Data records
········
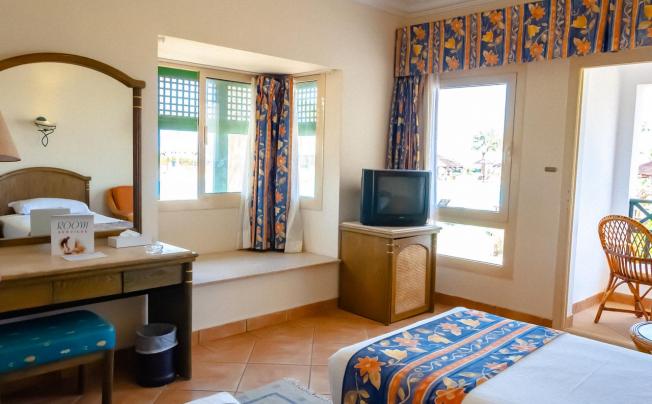 Фото отеля Coral Beach Resort Montazah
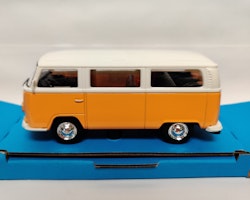 Skala 1/43 - Volkswagen T2 Type 2 Van med PullBack-motor från Maisto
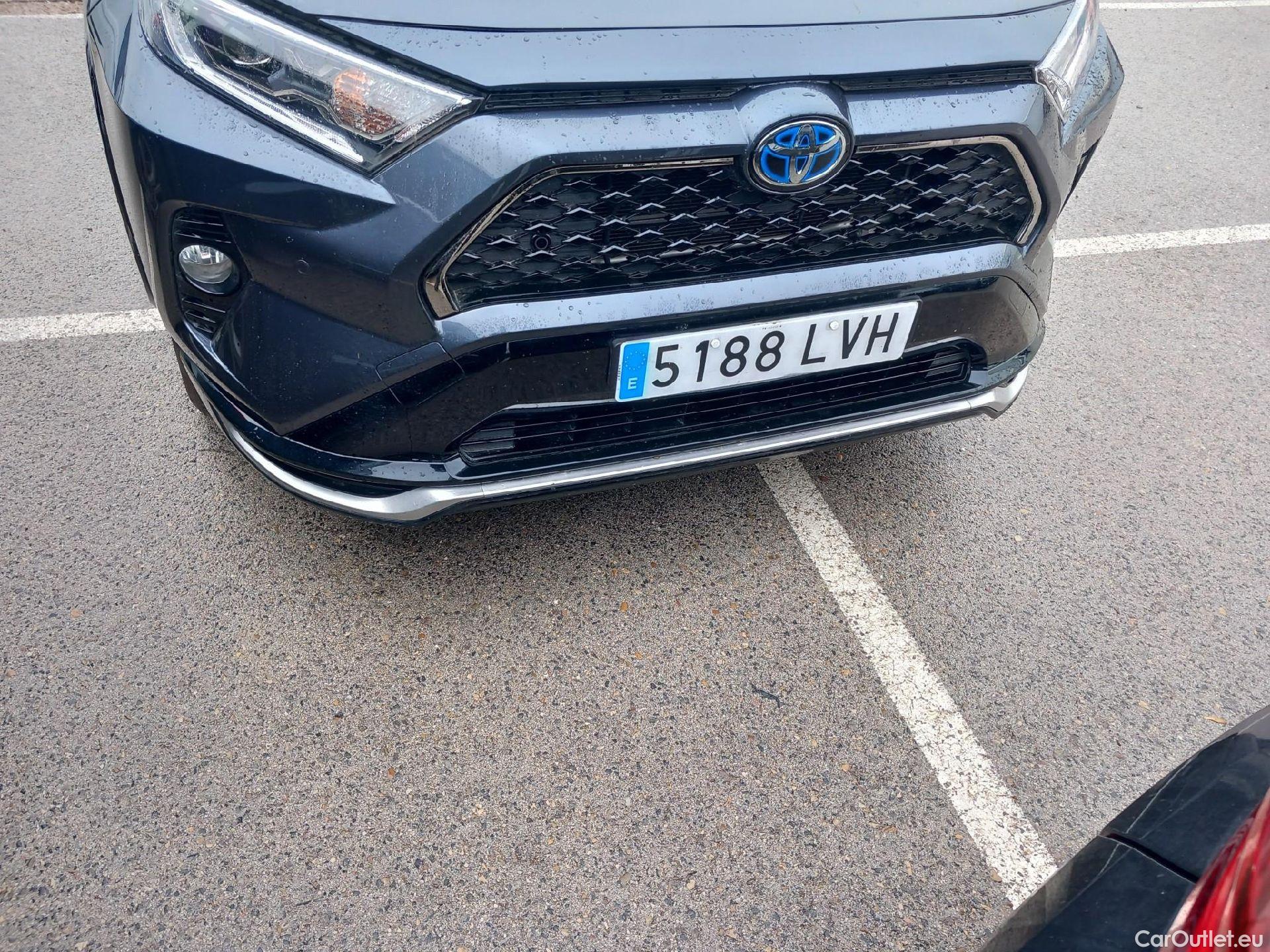  Toyota  RAV4 TOYOTA  / 2018 / 5P / todoterreno 2.5l PLUG-IN 300PH (e-CVT) Advance #8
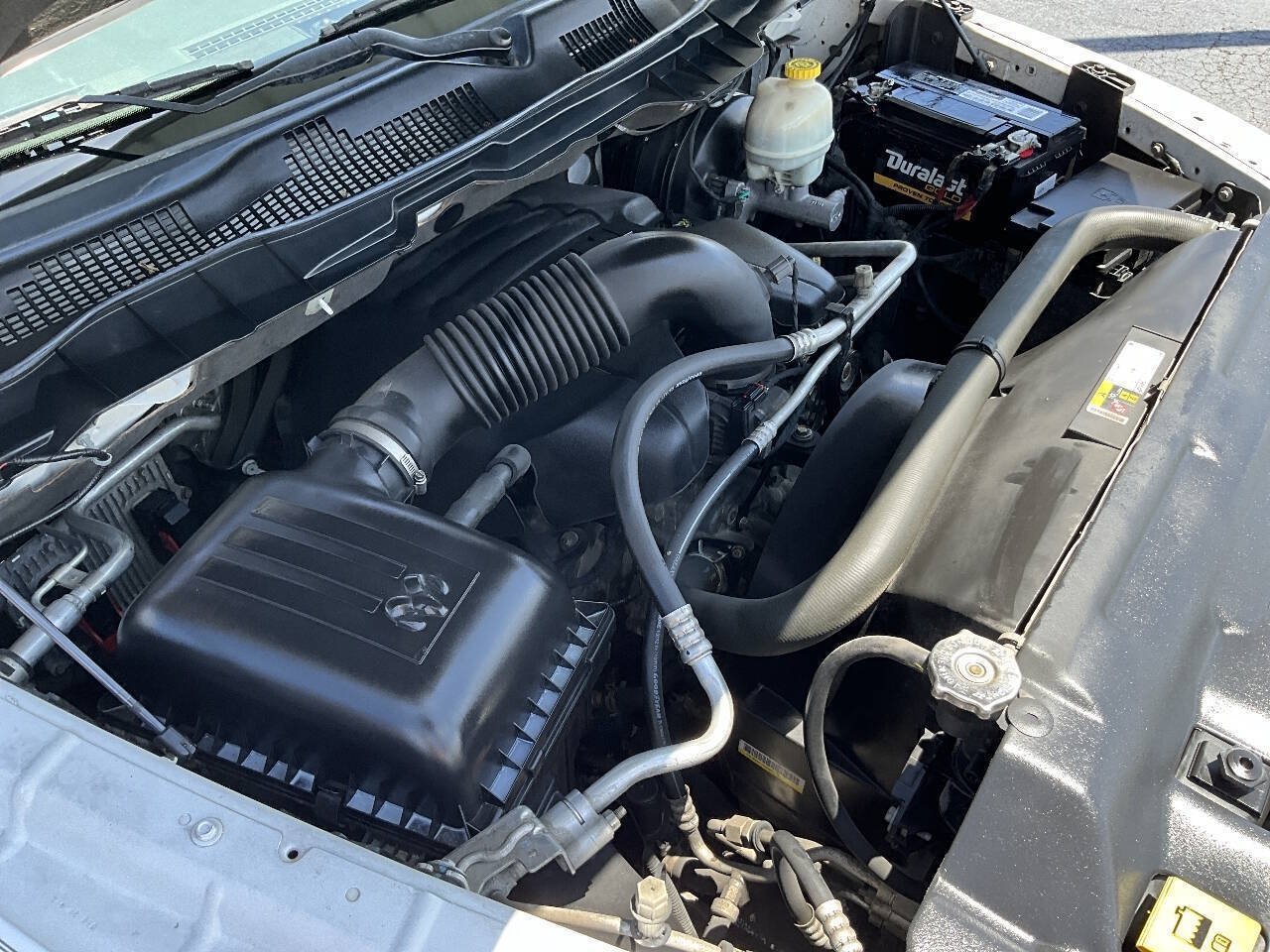 Used 2014 RAM 1500 Classic SLT w/ Remote Start & Security Group AWD/4WD image 28
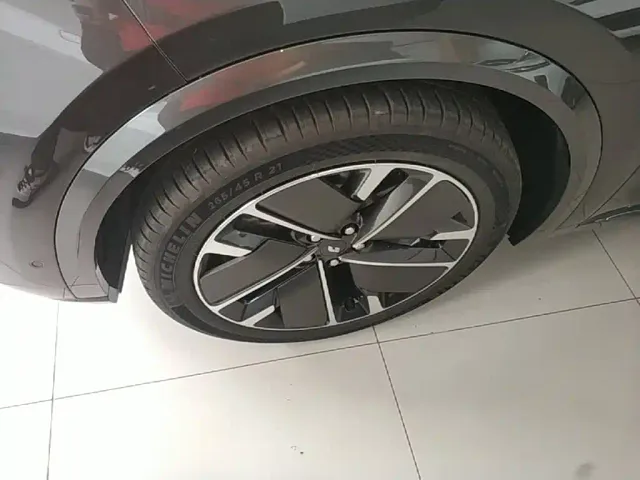 Li Auto L8 — Фото автомобиля 22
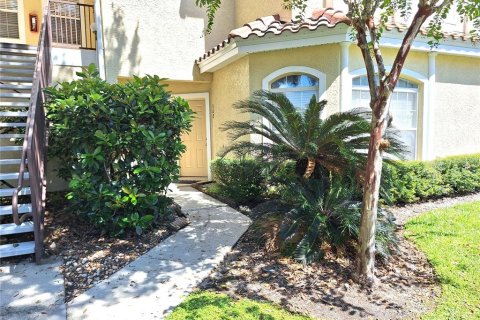 Condo in Altamonte Springs, Florida, 3 bedrooms  № 1914057 - photo 1
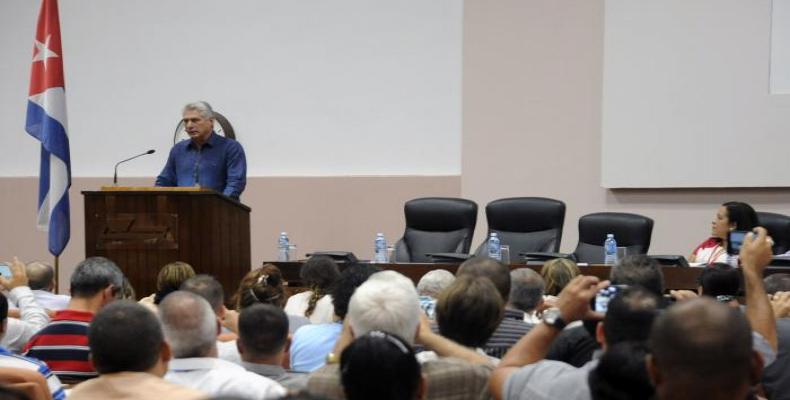 Díaz-Canel en la clausura de Conferencia de informáticos cubanos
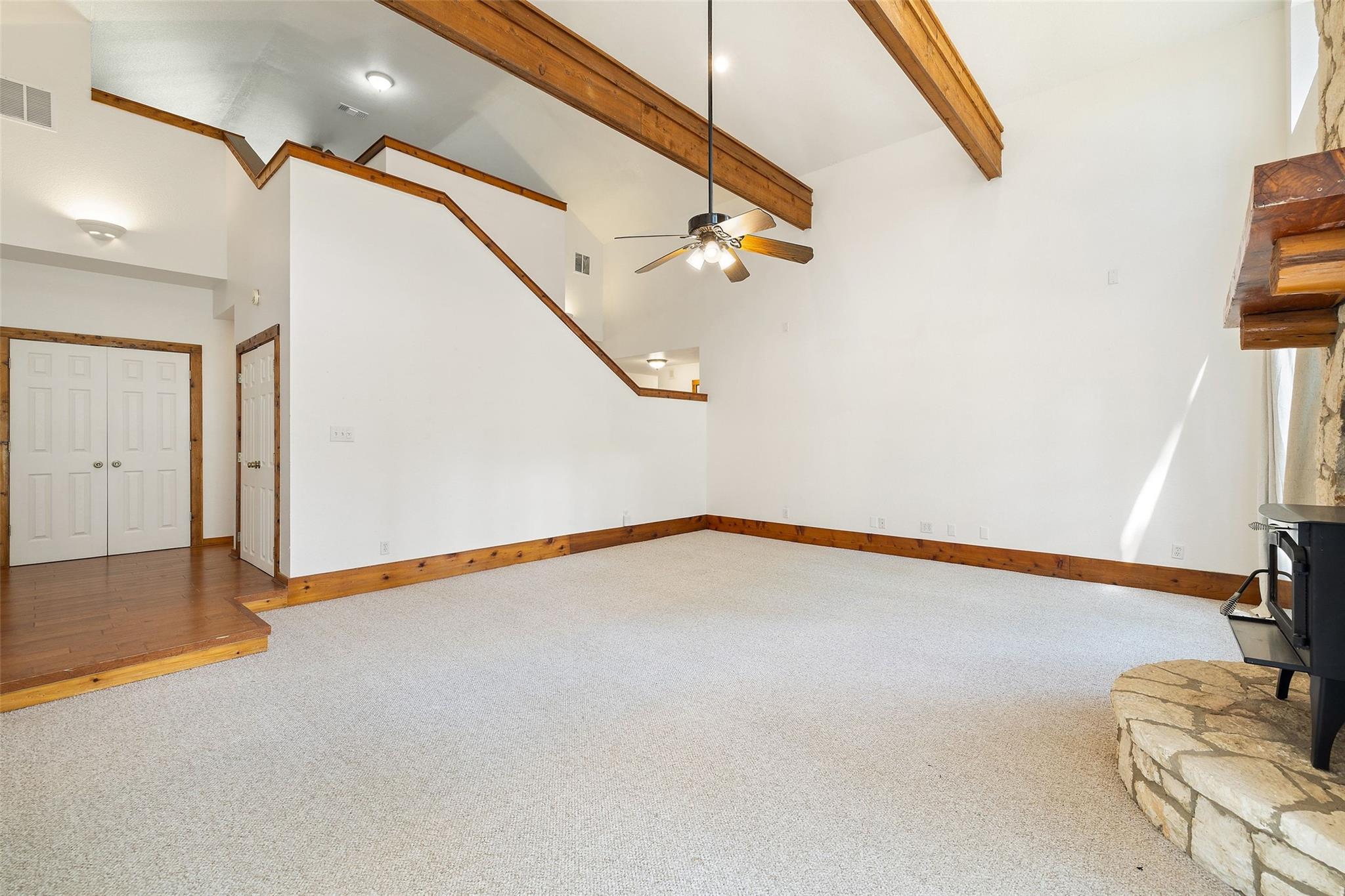 179 Rainbow DR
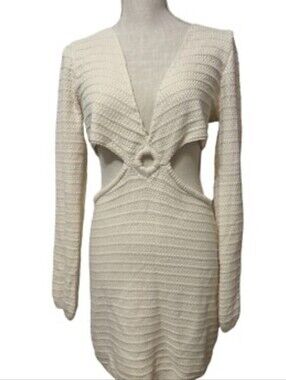 Forever 21 Cutout Knit Long-Sleeve Dress in Cream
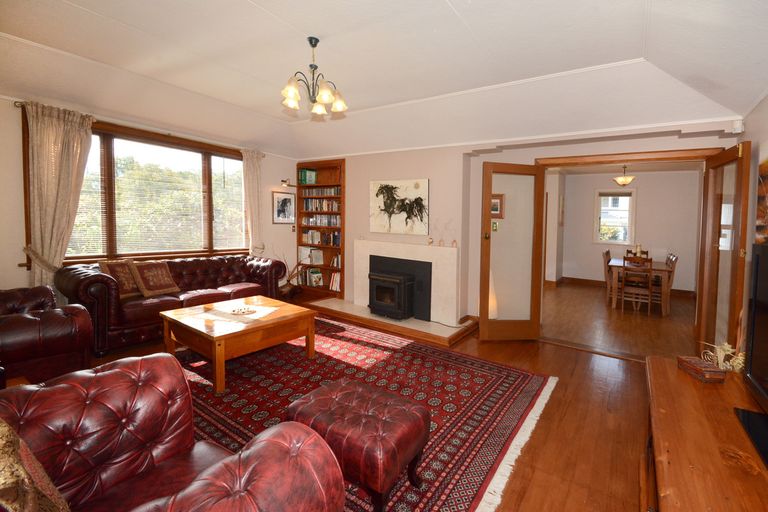 Photo of property in 2 Mcgeorge Avenue, Mornington, Dunedin, 9011
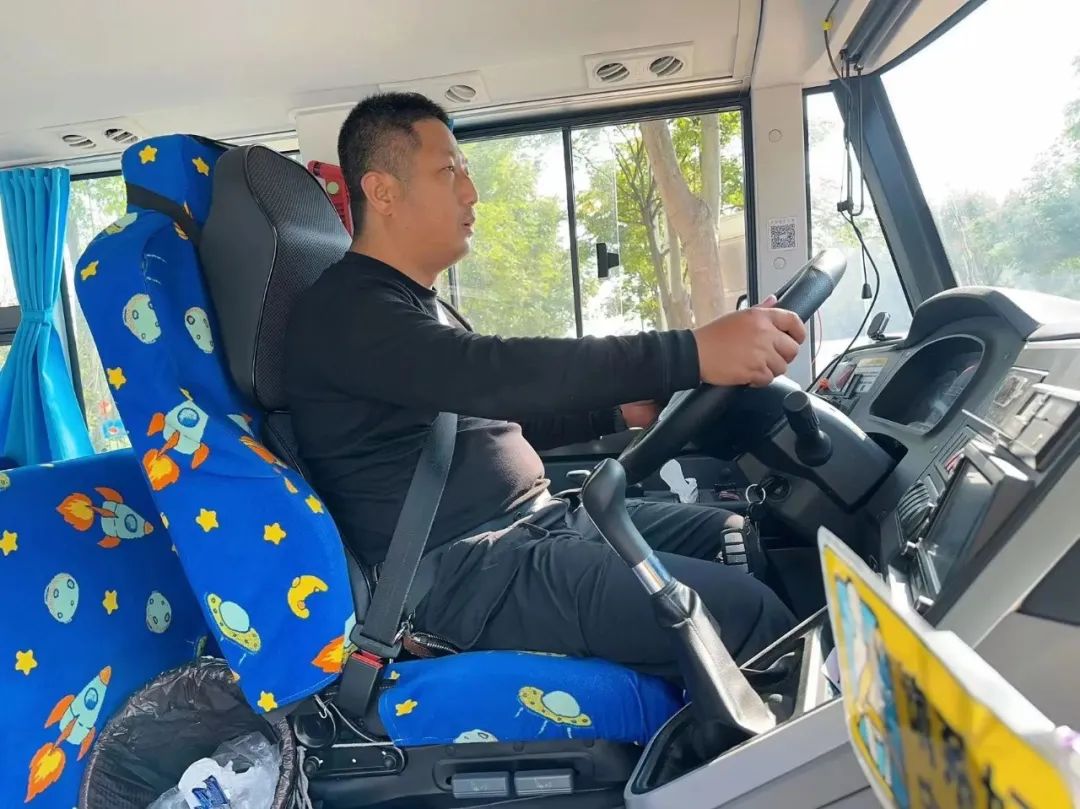 【安全教育】為愛(ài)護(hù)航，安全“童”行--布朗幼兒園校車安全演練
········
WORK INSTRUCTION >> Output each record above exactly as it stands, excluding all pictures.

EXERCISE ANSWER >>
 Фото отеля Coral Beach Resort Montazah
 Skala 1/43 - Volkswagen T2 Type 2 Van med PullBack-motor från Maisto
  Toyota  RAV4 TOYOTA  / 2018 / 5P / todoterreno 2.5l PLUG-IN 300PH (e-CVT) Advance #8
 Used 2014 RAM 1500 Classic SLT w/ Remote Start & Security Group AWD/4WD image 28
 Li Auto L8 — Фото автомобиля 22
 Condo in Altamonte Springs, Florida, 3 bedrooms  № 1914057 - photo 1
 Díaz-Canel en la clausura de Conferencia de informáticos cubanos
 179 Rainbow DR
 Forever 21 Cutout Knit Long-Sleeve Dress in Cream
 Photo of property in 2 Mcgeorge Avenue, Mornington, Dunedin, 9011
 【安全教育】為愛(ài)護(hù)航，安全“童”行--布朗幼兒園校車安全演練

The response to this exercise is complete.